Corporate Ladder Rung: Mailroomquality248(02/01/2008)
Your frustration is understood. Just be careful not to perpetuate stereotypes. I work with and know a lot of African-Americans who are wonderful, fair, and hard working.

Dumber than a Catbox full of sh*t(02/01/2008)
I have heard the quotes in your posted said millions of times. What is disturbing (because it is true), is where I have heard it and from whom...high school kids in school. I've heard the quotes from blacks about blacks and from blacks about whites. As a teacher, I have students every year that I just feel hate me because I am white.

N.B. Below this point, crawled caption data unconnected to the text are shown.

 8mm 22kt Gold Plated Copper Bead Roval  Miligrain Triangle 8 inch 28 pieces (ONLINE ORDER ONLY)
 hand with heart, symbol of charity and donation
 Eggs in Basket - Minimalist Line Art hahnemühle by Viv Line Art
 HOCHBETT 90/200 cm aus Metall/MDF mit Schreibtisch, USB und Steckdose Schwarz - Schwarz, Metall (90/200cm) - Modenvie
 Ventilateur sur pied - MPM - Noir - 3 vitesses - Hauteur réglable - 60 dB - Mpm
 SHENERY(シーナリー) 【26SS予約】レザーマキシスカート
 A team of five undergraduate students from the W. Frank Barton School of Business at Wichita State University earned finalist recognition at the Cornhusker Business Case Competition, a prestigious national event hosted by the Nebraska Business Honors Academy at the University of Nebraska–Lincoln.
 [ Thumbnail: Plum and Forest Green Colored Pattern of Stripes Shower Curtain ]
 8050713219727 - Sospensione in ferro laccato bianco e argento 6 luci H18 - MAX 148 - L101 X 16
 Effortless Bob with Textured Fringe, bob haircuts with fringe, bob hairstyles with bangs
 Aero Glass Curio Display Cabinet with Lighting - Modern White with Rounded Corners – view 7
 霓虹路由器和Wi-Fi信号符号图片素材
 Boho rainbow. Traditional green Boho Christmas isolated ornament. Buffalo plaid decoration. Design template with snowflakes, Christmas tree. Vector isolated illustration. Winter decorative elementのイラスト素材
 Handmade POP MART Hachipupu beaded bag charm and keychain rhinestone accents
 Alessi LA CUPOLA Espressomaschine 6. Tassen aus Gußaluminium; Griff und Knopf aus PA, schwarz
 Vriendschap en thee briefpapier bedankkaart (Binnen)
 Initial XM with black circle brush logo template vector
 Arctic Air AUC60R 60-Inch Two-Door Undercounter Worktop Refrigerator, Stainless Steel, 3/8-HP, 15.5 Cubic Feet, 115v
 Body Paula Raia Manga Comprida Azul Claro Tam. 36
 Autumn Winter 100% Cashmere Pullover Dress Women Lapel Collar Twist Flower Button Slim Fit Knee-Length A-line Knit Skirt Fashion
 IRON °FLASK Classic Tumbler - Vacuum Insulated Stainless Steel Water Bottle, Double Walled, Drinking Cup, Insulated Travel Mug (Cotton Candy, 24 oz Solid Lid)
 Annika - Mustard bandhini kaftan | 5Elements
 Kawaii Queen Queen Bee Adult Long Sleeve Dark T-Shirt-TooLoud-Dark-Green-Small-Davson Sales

I have a student now who has hated me since school began--and I just have a feeling it is because I am white. Recently though she really needed my help academically and from starting a fistfight in my class with another student. I really went out of my way in both cases to help the girl--why? Not because she was nice or great--because she is my student and she is young and foolish like all kids can be. Now I think she likes me. But I had to really put myself out there and help her to convince her that I was okay. And I really feel she hated me because I was white.


Wage Slave(02/02/2008)
I am curious as to what state you are in. I have worked in Pennsylavania and I have witnessed some of the bad behavior you wrote about. In our office management has picked 2 black women managers simply because they were willing to target and fire other blacks. Please note there are more competent blacks and whites for these positions. Most of the other blacks who actually do the work actually segregate themselves from the whites. Very few will associate with whites in a social setting. It's like high school if they are alone they will be friendly but if another black is around they won't say hello. I have learned not to say hello first. I asked a black coworker why this was and he said years ago blacks really had to watch their backs because management just didn't want any blacks in the office. I believe him because he is very objective and our upper level managers are idiots.

Corporate Ladder Rung: CIOHaveADamnNiceDay(02/04/2008)
You know, it's funny. My husband has related similar things to me (being a black man). He's been approached at the hair salon when other blacks see him with me, and the later corner him and ask, "What's it like being with a white person? What's she like?"
When he told me this, I practically bugged my eyes. I had no idea that there were black americans who had never been near enough to a white person to find out they're just like any other person. People are people.
He told me point-blank that there are people like that. It makes sense, though, since I've met plenty of white folks who've never associated with a black person. My own dad even had the naievete to exclaim that racism was dead!
My husband had to gently set him straight on the issue.